Lock-free is hard but worth it.

I spent weeks debugging race conditions, ABA problems, and memory ordering issues. The payoff: Very good CPU utilization on 8 cores. Traditional mutex-based designs can’t achieve this. Half lock-free, half mutex code is worse than all-mutex. The 2.63x sequential write advantage comes from consistent lock-free design throughout.

Measure everything.

The cached timestamp optimization came from profiling and running the system benchmarks and tests over and over and over AGAIN. Syscalls are expensive. We cache them when we can. One atomic load instead of a syscall - thousands of times per second.

Memory trade-offs are acceptable.

Using more memory for 1.13x faster reads and 29% lower latency is a good trade on modern hardware. Don’t optimize for 2011 constraints.

Reference counting provides safety without locks.

Atomic refcounts + careful lifecycle management eliminate entire classes of race conditions. SSTable metadata stays in memory until safe to free.

Compaction strategy matters more than people realize.

The difference between 1.08x and 1.34x write amplification compounds over billions of operations. DCA’s adaptive behavior produces consistently low write amp.

Cross-platform from day one.

I didn’t build for Linux first and port later. I used compat.h from the start. This forced abstractions and caught portability issues early and still do.

Test on real hardware.

The batch=10,000 failure only appeared under high contention on real multi-core CPUs.
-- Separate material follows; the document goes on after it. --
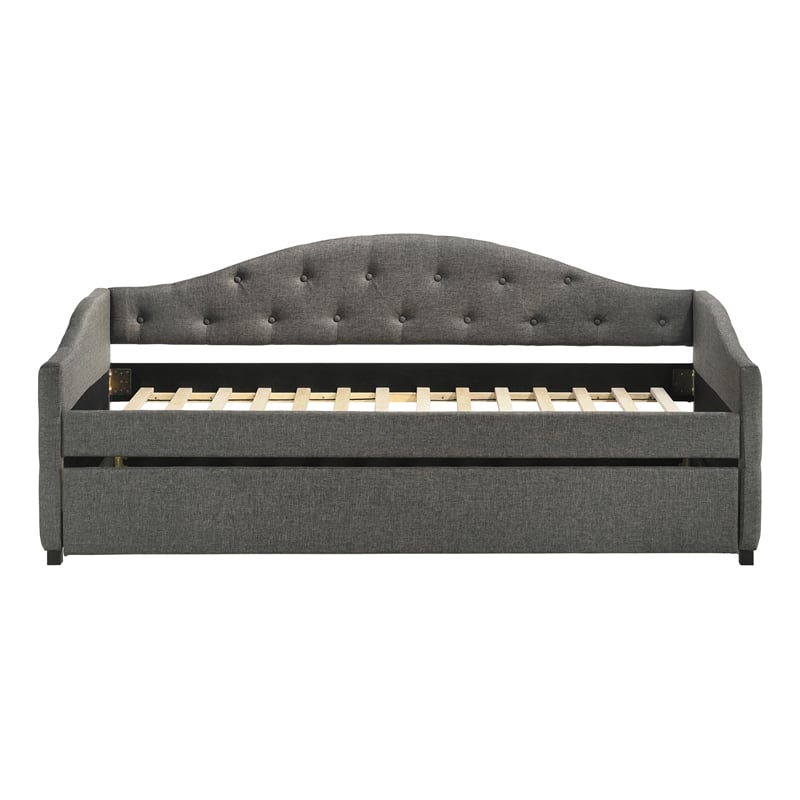 Coaster Sadie Modern Fabric Upholstered Twin Daybed with Trundle in Gray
Synthetic tests didn’t catch it.

Extreme cases reveal limits.

At batch size 10,000 with 8 threads (80,000 concurrent operations), lock-free skip lists saturate with CAS contention. Think of it like too many people trying to edit the same Google Doc simultaneously - eventually the atomic operations start failing and retrying, burning CPU without making progress. TidesDB drops to 852K ops/sec vs RocksDB’s 1.33M. I optimized for common cases (batches of 10-1,000), not extremes.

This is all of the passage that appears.